Given information Block Start
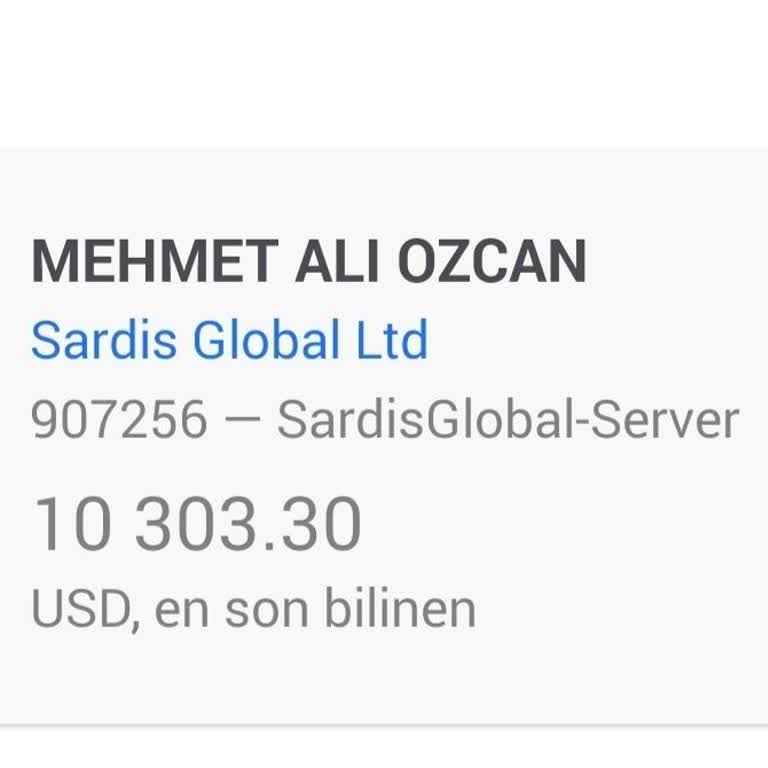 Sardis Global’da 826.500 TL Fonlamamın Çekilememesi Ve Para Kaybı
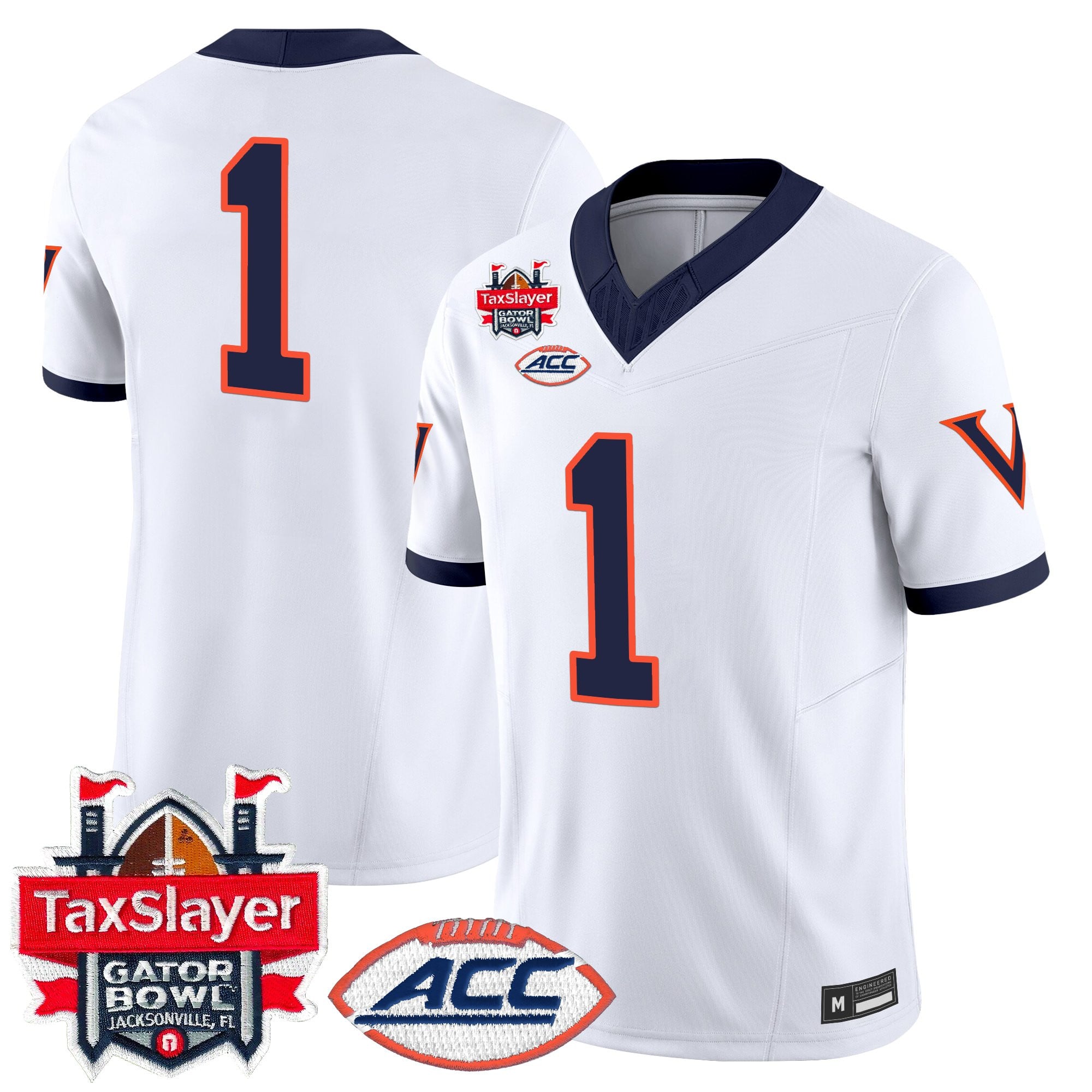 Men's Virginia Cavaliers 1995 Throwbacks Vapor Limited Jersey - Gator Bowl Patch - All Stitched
Given information Block End
Given information Block Start
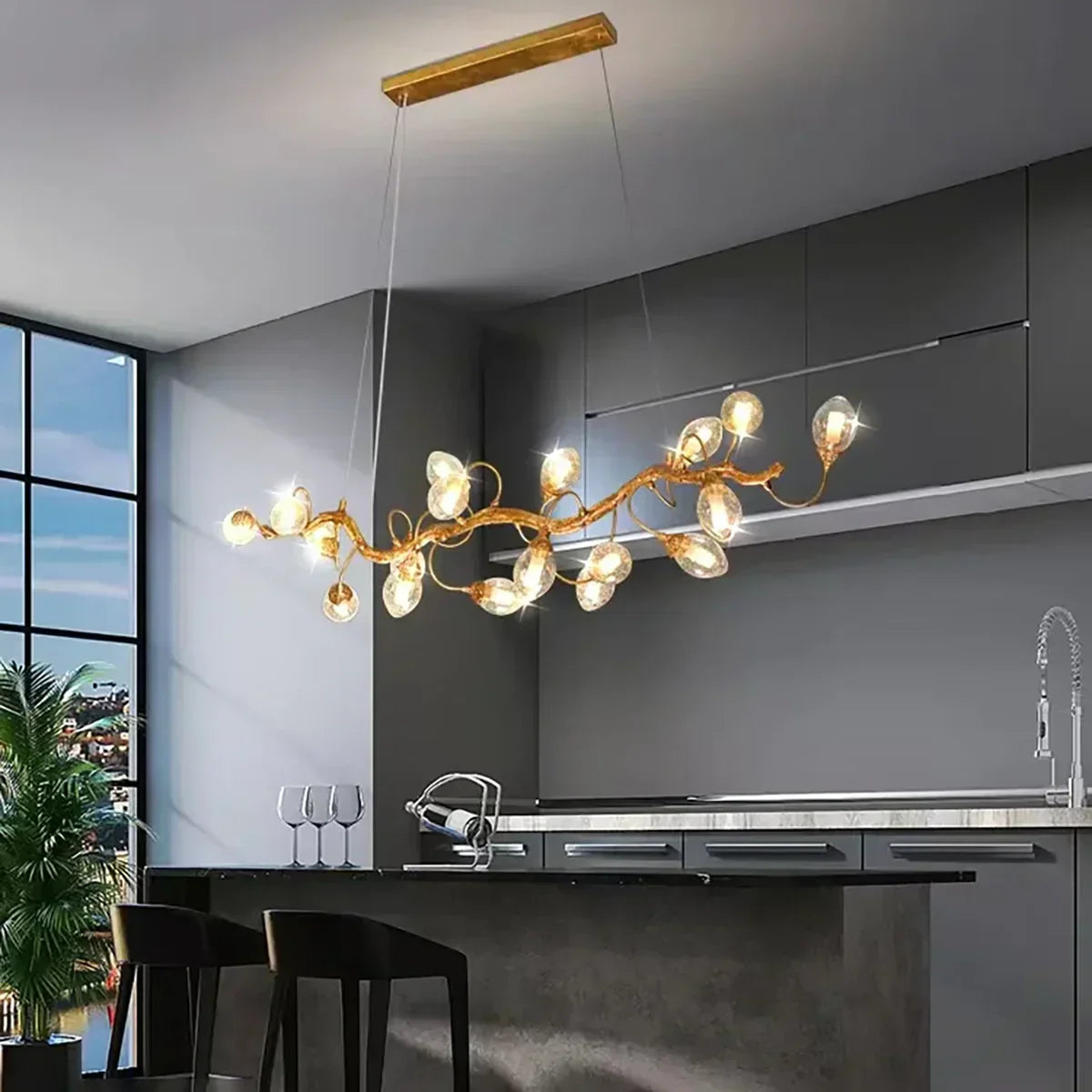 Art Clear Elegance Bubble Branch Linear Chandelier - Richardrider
Given information Block End
● Activity
Would you copy the lines above exactly, starting with the one that has "Sardis Global’da 826.500" and ending with the one that has "Men's Virginia Cavaliers", both included, without the pictures?

● Solution to this exercise
 Sardis Global’da 826.500 TL Fonlamamın Çekilememesi Ve Para Kaybı
 Men's Virginia Cavaliers 1995 Throwbacks Vapor Limited Jersey - Gator Bowl Patch - All Stitched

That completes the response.